- _Task instructions_
The material below holds pictures, which are to be left out; copy exactly the lines from the one with "Шарнир RUVILLE 915121" through the one with "Copper Plate (Pyrophosphate) poster preview".

- _Data extract_

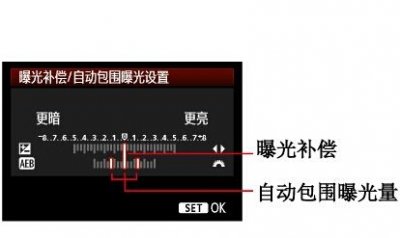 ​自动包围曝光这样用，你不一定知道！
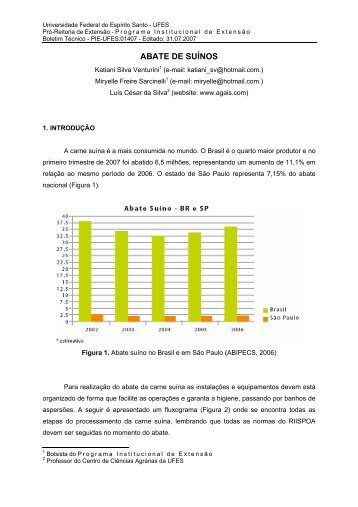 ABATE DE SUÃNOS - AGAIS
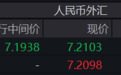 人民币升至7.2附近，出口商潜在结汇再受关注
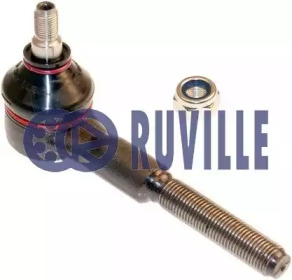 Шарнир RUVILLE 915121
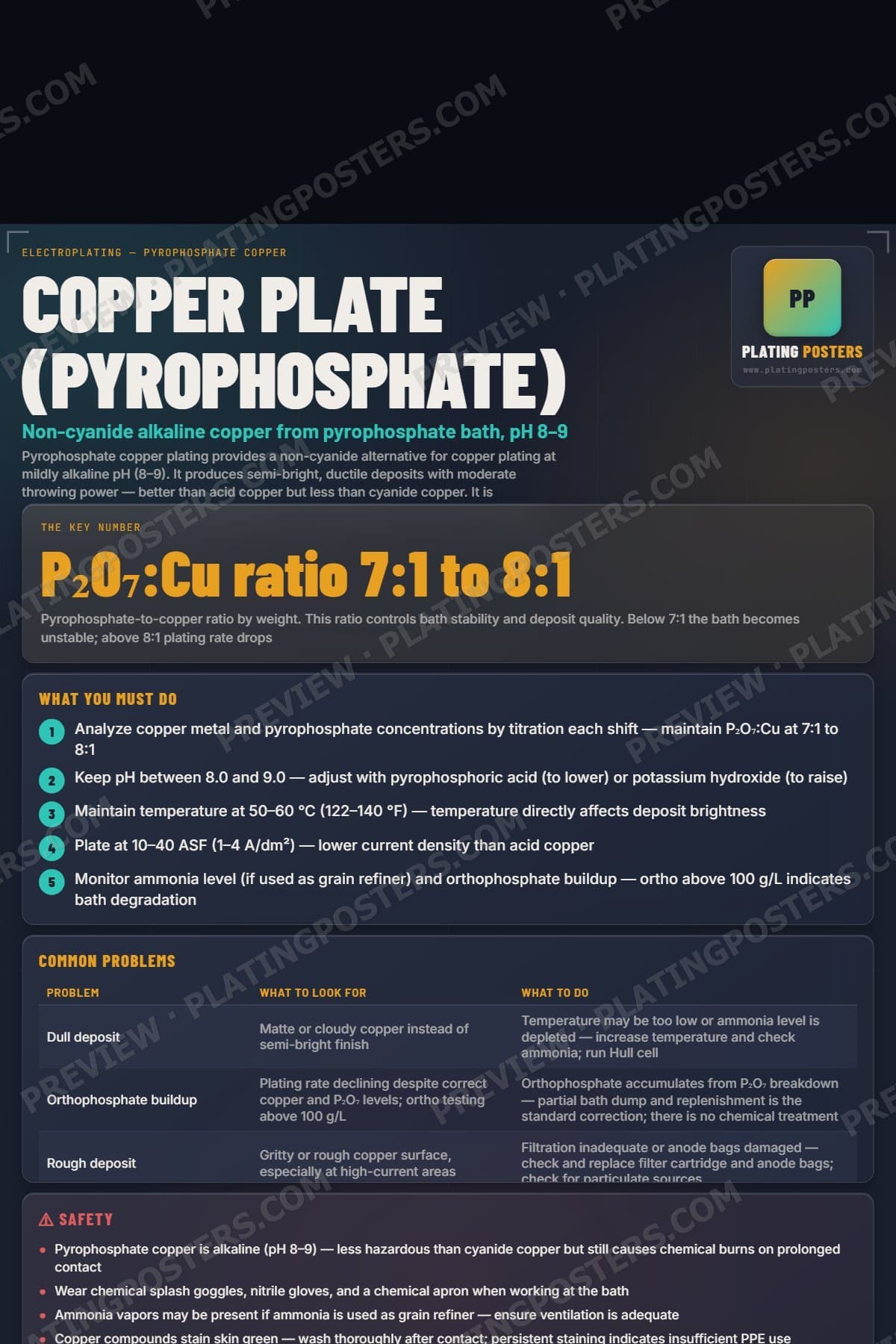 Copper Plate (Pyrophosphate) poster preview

* * *

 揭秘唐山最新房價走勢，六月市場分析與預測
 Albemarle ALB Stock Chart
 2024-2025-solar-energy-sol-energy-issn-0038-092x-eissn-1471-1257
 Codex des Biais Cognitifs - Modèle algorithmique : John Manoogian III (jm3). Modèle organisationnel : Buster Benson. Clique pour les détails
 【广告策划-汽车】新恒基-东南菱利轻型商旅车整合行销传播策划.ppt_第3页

- _Response_
 Шарнир RUVILLE 915121
 Copper Plate (Pyrophosphate) poster preview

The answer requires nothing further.